Berlin war nicht länger die Hauptstadt Preußens, sondern es war die „Reichshauptstadt“ mit seinen repräsentativen Gebäuden, in der die durchaus eindrucksvolle Architektur des preußischen Abgeordnetenhauses und noch mehr des Herrenhauses neben dem Reichstag nicht besonders auffiel.

Preußens Rolle im Deutschen Reich

Der Reichstag war frei gewählt und die Diskussionen in diesem Parlament waren in ihrer Bedeutung auch für preußische Belange wichtiger als die Verhandlungen in dem vor 1918 nach dem Dreiklassenwahlrecht öffentlich und indirekt gewählten preußischen Abgeordnetenhaus.
Mit der Reichsgründung 1871 begann allerdings auch eine bemerkenswerte Fehleinschätzung der Rolle Preußens im neuen Deutschen Reich. So begann für spätere Historiker aus Österreich und Süddeutschland das deutsche Verhängnis mit der Reichsgründung und Preußen war dabei die „Wurzel allen Übels“, britische und französische Historiker nahmen diese Art der Schuldzuschreibung an Preußen auf, was nicht zuletzt die Ursache für die Auflösung Preußens als Staat per Gesetz der alliierten Sieger im Jahre 1947 sein sollte, für Christopher Clark ein „schmachvolles Ende“ und für Sebastian Haffner gar eine „Leichenschändung“,  da Preußen schon lange vorher nicht mehr existierte.

Die „Bilanz“ der preußischen Geschichte einschließlich seiner Institutionen wie des preußischen Landtags darf Schattenseiten und lange wirkende Fehlentwicklungen dieser Geschichte nicht verschweigen.
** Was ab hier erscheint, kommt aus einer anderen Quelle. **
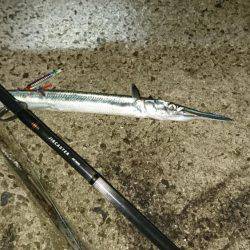 リベンジ達成！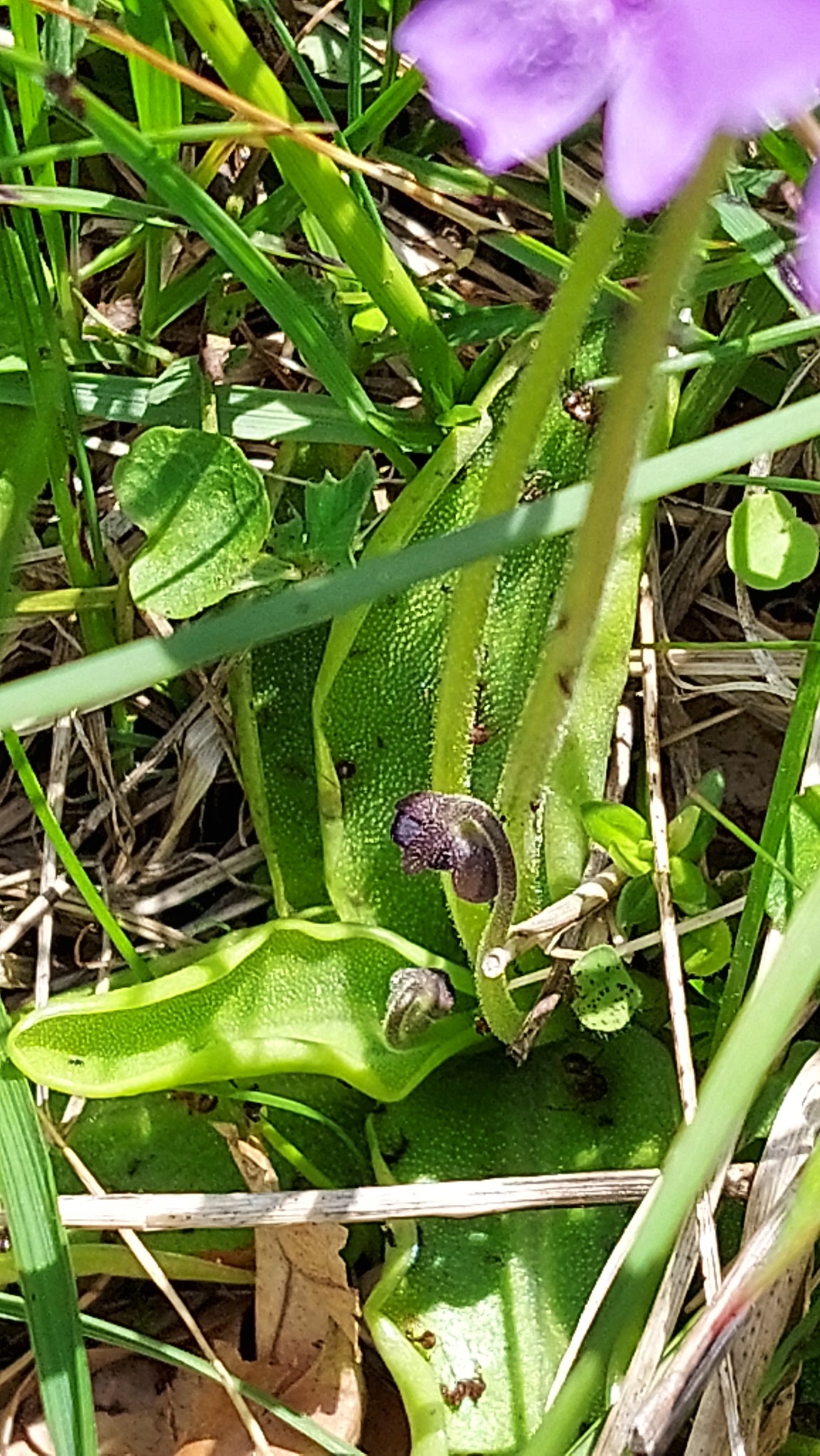Pinguicula apuana Casper & Ansaldi 2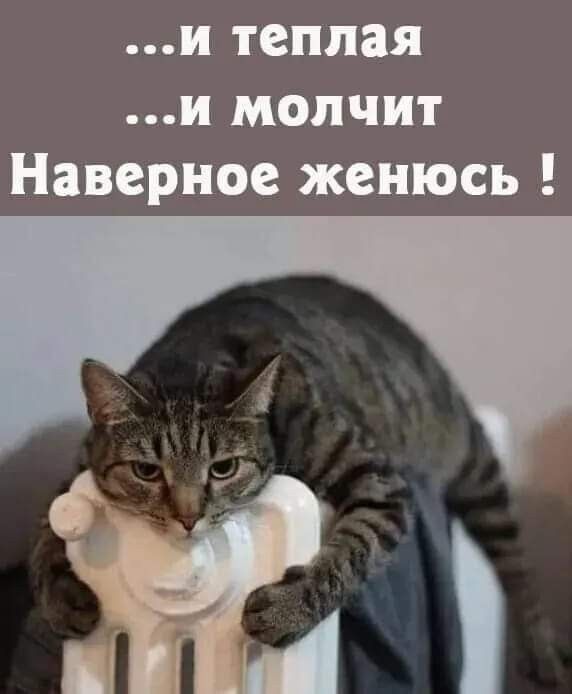 ...и теплая ...и молчит Наверное женюсь !
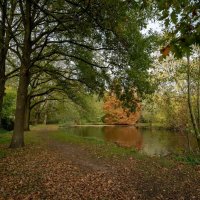 *** :: Николай Гирш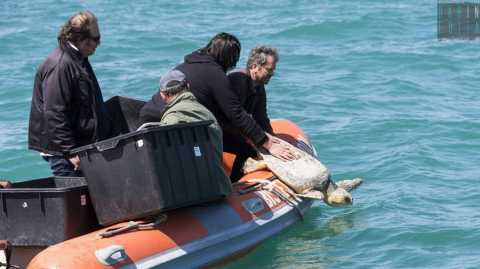 Bisceglie, la liberazione delle tartarughe in mare: salvate da ami, reti ed eliche
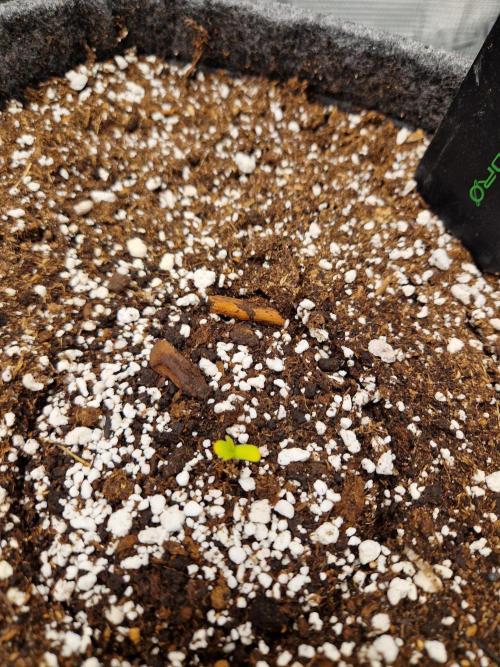 Auto Candy Bubatz XL. Week 1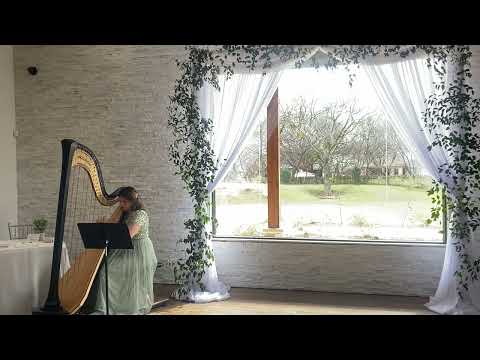 Promotional video thumbnail 1 for Lethicia Caravello the Harpist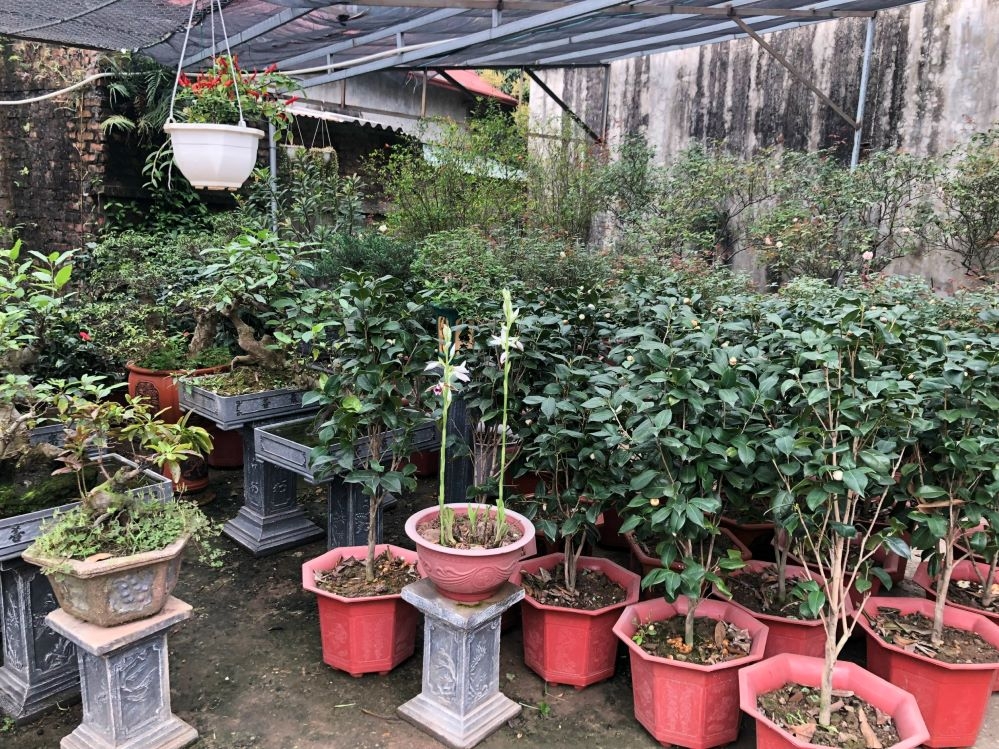 HTX phát triển lĩnh vực hoa, cây cảnh và một số loại cây ăn quả để phục vụ người dân địa phương trong quá trình chuyển đổi từ nông thôn sang đô thị.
Aber die zu Recht auch immer wieder zitierten positiven Beispiele einer vorwärtsweisenden Entwicklung in Preußen, wie der Toleranzgedanke, die unbestechlichen Beamtenschaft, der Widerspruchsgeist im preußischen Adel dürfen nicht gering geachtet werden.

Der deutsche Rechtsstaat hat seine Wurzeln in der preußischen Geschichte.  Grundlage der preußischen Rechtsprechung war das „Preußische Allgemeine Landrecht“ von 1794, das durch das ganze 19. Jahrhundert in seinen wichtigen Teilen bis zur Verabschiedung des „Bürgerlichen Gesetzbuches“ im Jahre 1900 Gültigkeit behielt. Es war nach dem Urteil des Rechtshistorikers Uwe Wesel „das imposanteste und modernste Gesetzbuch jener Zeit“.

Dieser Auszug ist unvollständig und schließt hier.